**WORK INSTRUCTION**
Starting with the line that holds "194 Lone Pine Drive 1" and stopping after the line that holds "Office Student &", repeat the lines below word for word, without the pictures.

**EXCERPTED DATA**
BEGIN
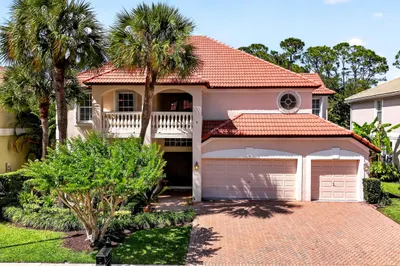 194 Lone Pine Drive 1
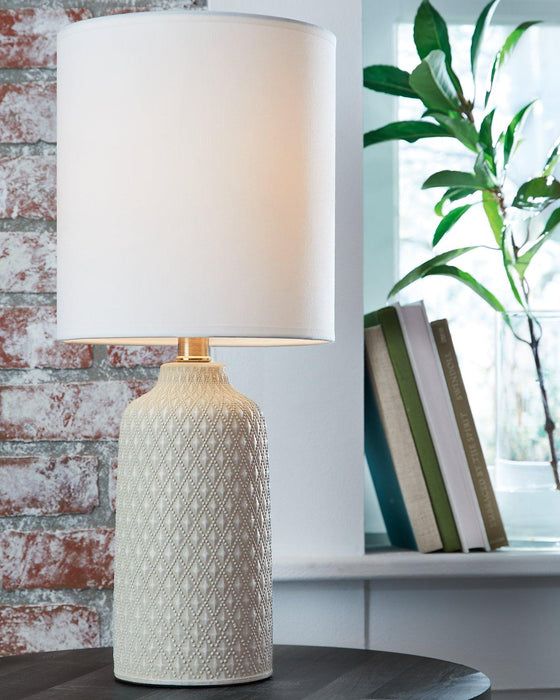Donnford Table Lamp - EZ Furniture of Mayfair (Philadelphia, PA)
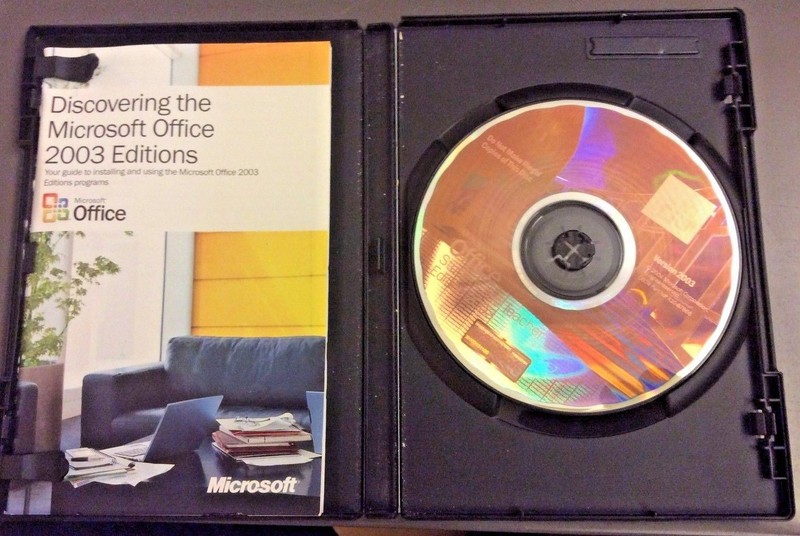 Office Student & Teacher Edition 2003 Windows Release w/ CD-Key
END
BEGIN
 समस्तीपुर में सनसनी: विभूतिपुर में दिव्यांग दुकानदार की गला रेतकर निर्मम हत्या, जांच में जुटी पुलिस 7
END
**EXERCISE RESPONSE**
 194 Lone Pine Drive 1
Donnford Table Lamp - EZ Furniture of Mayfair (Philadelphia, PA)
 Office Student & Teacher Edition 2003 Windows Release w/ CD-Key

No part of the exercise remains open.